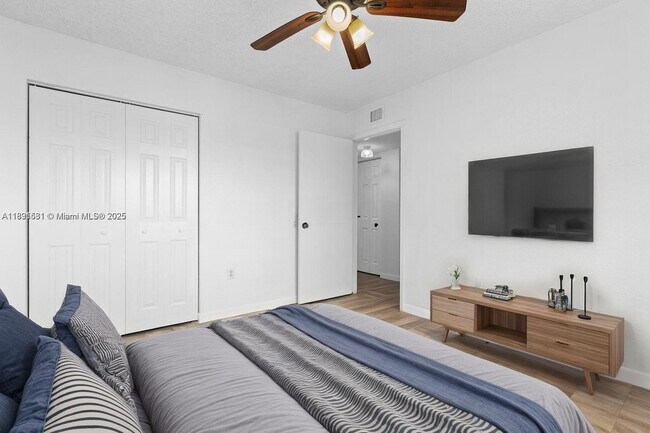 Foto del edificio - 5736 W 26th Ave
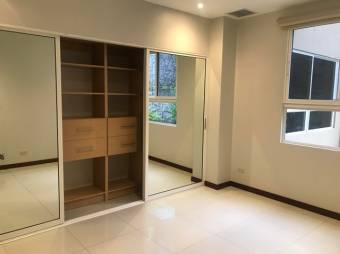 Se vende moderno apartamento en Escazú 25-696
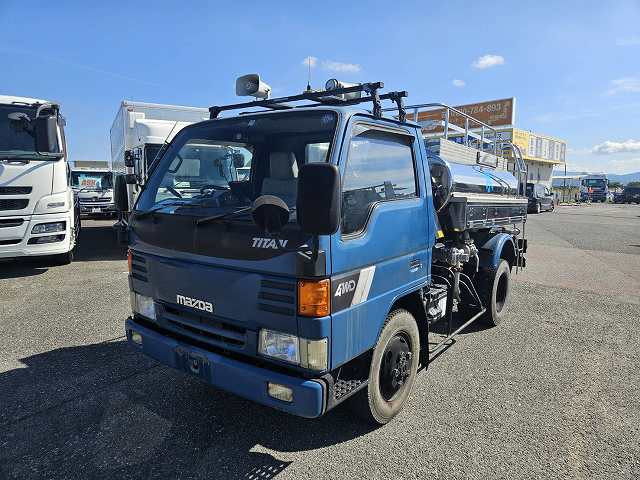 中古トラック マツダ タイタン 2t給水車
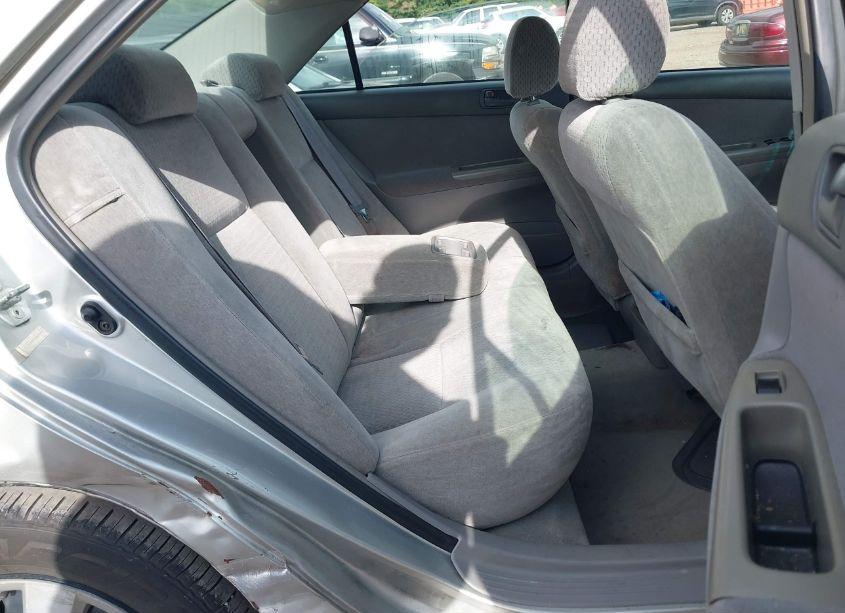 Photo 8 of 2003 Toyota Camry LE (VIN 4T1BE32K73U238818)
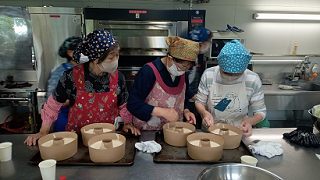 シフォンケーキ作りの様子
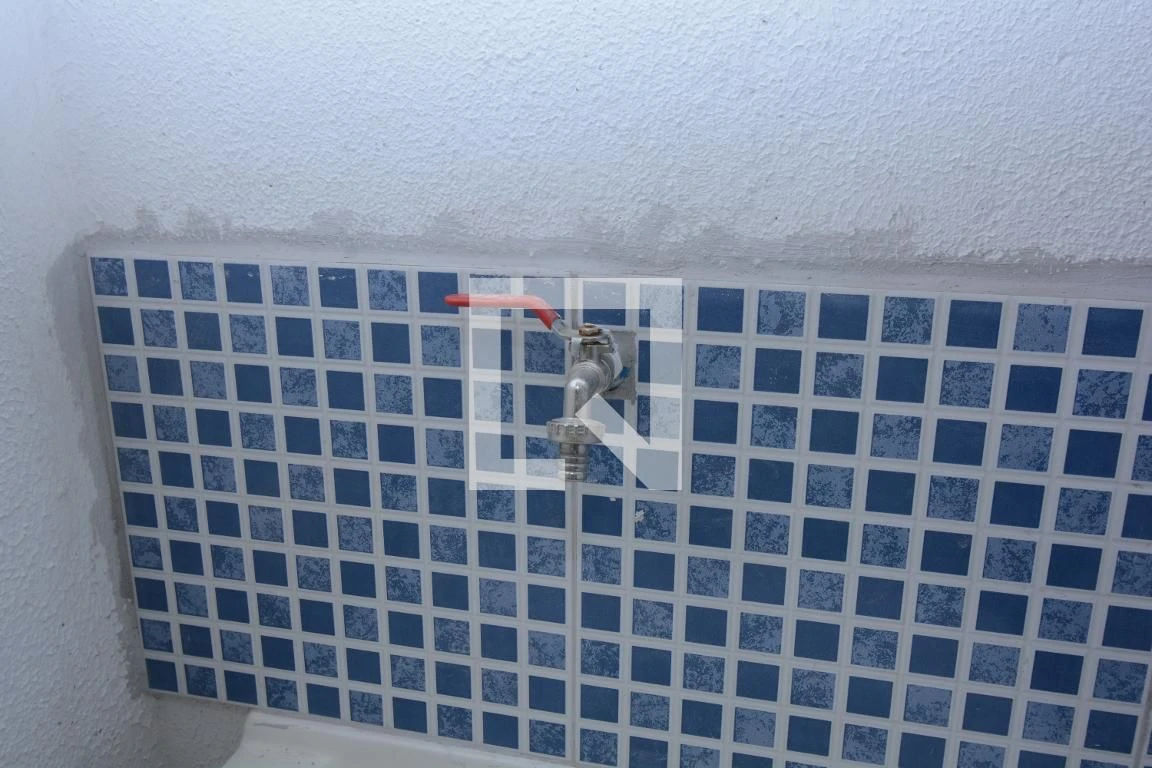 Casa sem mobília com 2 quartos, 1 banheiro e vaga — photo 24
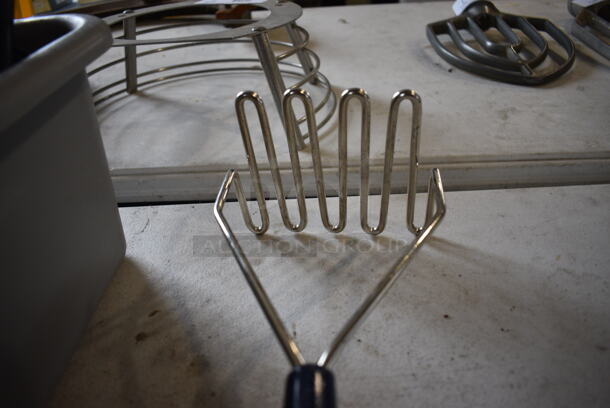 Metal Masher. 6x5x36 - Image 2 of 2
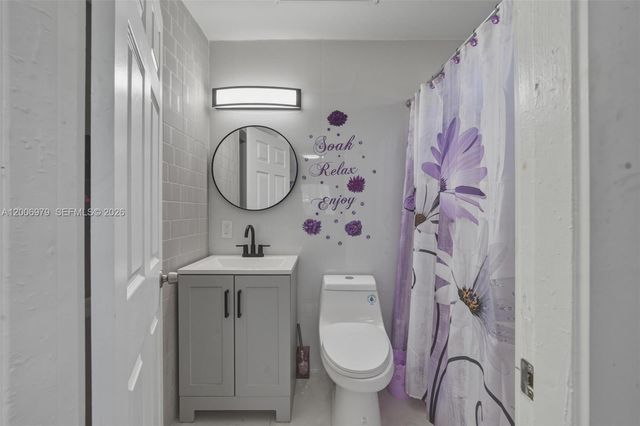 1657 SW 44th Ave, Fort Lauderdale, FL 33317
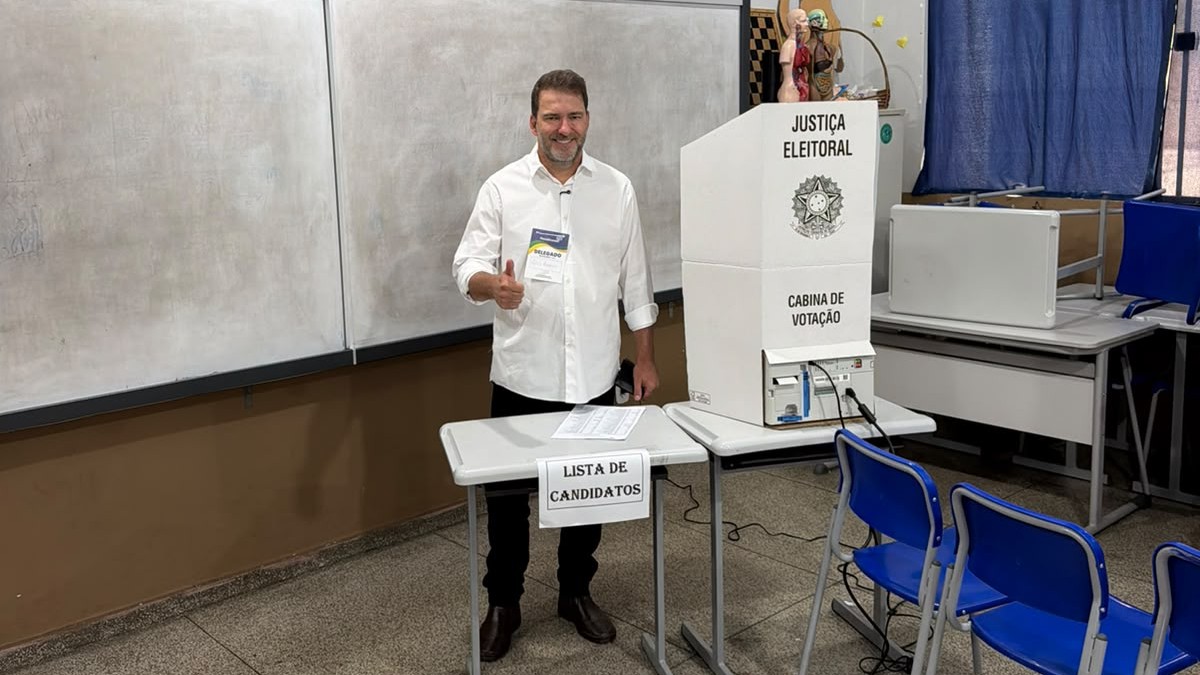 Alex Redano vota em Ariquemes ao lado da família e reafirma compromisso com Rondônia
■ ■ ■ ■
● TASK GOAL: Exactly the lines from the one holding "Se vende moderno" to the last line of the records above should be duplicated, with no pictures among them.

● RESULT OF THIS TASK:
 Se vende moderno apartamento en Escazú 25-696
 中古トラック マツダ タイタン 2t給水車
 Photo 8 of 2003 Toyota Camry LE (VIN 4T1BE32K73U238818)
 シフォンケーキ作りの様子
 Casa sem mobília com 2 quartos, 1 banheiro e vaga — photo 24
 Metal Masher. 6x5x36 - Image 2 of 2
 1657 SW 44th Ave, Fort Lauderdale, FL 33317
 Alex Redano vota em Ariquemes ao lado da família e reafirma compromisso com Rondônia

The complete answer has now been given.